At the very end of my freshman year, my first love came to me with a dilemma. He loved me, that was clear to him. He absolutely respected my virtue and did not feel he had any right to ask me to have sex with him, as he did not believe that this was something I wanted or was ready for and he did not want to be the type of guy to put pressure on me. But he wanted to have sex. He was never going to cheat on any woman, so he saw that the only way to get around this was for us to break up so that he could have meaningless sex and I could continue to be virtuous.

That night all the science of certainty seemed to have dissolved before me - I was incapable of measuring self.  I was heartbroken, rejected, and yet the reasoning behind it was meant to protect and uphold my virtue. I was like the computer in War Games playing tic tac toe. I could not figure out a scenario in the future that would enable me to be a better person. If I had sex with my first love, he might stay with me and not go sleeping with other women, but then I would lose my virtue, and this might affect me personally, but it also might make him fall out of love with me as I would be so fundamentally different. If I did not sleep with my first love, then I could not help but feel that I must be less than I was when he decided to love me in the first place, as he had decided to leave me. I would need to get prettier and smarter and be an even better person so that he might just love me again - but would he, if ultimately it wasn't about me?

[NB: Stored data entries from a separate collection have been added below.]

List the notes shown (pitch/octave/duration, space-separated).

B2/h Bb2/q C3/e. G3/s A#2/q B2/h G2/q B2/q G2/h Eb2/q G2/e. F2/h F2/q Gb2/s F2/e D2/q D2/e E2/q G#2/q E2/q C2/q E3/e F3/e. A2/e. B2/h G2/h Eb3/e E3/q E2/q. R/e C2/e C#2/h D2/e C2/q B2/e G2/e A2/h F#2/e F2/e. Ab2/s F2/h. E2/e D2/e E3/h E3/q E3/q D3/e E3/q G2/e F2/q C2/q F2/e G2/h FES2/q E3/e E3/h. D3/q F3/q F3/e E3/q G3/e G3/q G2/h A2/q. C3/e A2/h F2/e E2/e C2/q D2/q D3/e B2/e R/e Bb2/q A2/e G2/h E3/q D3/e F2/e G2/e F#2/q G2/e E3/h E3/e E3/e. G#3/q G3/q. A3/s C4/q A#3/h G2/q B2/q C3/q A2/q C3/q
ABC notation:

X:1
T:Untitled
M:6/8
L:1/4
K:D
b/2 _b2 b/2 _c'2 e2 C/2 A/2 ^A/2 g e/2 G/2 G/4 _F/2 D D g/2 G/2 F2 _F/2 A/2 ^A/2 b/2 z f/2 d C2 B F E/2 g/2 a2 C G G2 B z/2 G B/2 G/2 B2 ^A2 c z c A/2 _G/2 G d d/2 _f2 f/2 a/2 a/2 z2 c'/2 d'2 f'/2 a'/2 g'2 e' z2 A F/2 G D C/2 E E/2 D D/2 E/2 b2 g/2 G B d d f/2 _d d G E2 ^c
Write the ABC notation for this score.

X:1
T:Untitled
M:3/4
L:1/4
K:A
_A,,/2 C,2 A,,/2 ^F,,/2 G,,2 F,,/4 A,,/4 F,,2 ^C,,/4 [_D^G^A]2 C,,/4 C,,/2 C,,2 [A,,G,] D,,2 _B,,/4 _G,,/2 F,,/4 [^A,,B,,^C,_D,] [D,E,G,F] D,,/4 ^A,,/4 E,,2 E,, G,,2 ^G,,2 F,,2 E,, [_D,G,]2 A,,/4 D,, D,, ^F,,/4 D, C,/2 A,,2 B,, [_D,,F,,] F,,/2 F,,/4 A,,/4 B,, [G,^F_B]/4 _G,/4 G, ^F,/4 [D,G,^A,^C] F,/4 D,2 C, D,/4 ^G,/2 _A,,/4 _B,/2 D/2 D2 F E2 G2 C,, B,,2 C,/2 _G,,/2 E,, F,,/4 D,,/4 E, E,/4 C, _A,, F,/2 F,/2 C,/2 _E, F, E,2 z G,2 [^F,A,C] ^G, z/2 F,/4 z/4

Though I did not know it at the time, I can see in hindsight that this was the first moment in my adult life of realizing life isn't black and white, that the most difficult times in life, the most trying decisions we make, are not a choice between right and wrong, but a choice that has consequences from both sides. If we try to find certainty in amongst the grey, we will wind up making no decisions, or else building up false realities to believe that one decision was correct and the other wrong.

For a long time, I kept trying to measure self, and it kept getting more and more difficult, as life got harder, bad things happened, and I needed to make difficult choices because of circumstances I could not control. There were moments when I made no decision at all, and then obsessed over whether or not inaction was better than action with negative consequences. There were other moments when I made a decision, and asked myself if it might not have been better to make no decision at all. And I reached a point when I had to take a seriously look at whether or not any good was coming from the act of self measurement.

On Saturday night, having a couple of drinks with friends, I brought up the topic of my new blog. One friend brought up the topic of certainty - that there had been times in his life when he wished he wasn't so grey, or at least did not appear to be so grey to the outside world, where he wished he could at least pretend he was certain of something and be believed by the outside world.

This conversation has been on my mind all week, and is what inspired this week's blog. Is there anything in my life that I am truly certain about, or is even the sacred subject to grey? So I went straight to the source, my daughter, and I thought to myself, am I truly certain about my love for her and will I always be truly certain about my love for her? And all of my physical being says yes, that there is no way that I would doubt my love for my daughter. But then I thought about how my relationship with my own parents has played out over the years, and I could see pockets of doubt in their love for me, and moments when I did not approve of the way my parents were treating me, and thus had to make a spiritual break. And I feel I would be unfair to my daughter in her independence if I did not allow for similar periods to happen in our lives, should it take a natural course.

I have grown up a lot over the years, and have come back to the trinity of self: physical, mental, spiritual. But instead of measuring how I compare to days before, looking for quantifiable improvements, I ask myself if I tried as hard as I could given the day that was in it, and I pray to a higher god or goddess to help me try equally as hard the next day (notice that I didn't say 'try harder'). This too has its consequences, as I am ultimately exhausted most nights from the amount of effort it takes to be as much as I can in a given day.

1 comment:

  1. Ah, how I love a grey person. I am exhausted most days as well, and sometimes I am not even as much as I can. Some days are so long and others so short that it's hard to keep track of the effort - sometimes life is a blur. Those bat wings flapping that can be heard but not seen. At other times I do see the bats, and forgot to mention, they are my favorite mammal. I guess that's why I have a hairless cat. Hope none of this makes sense!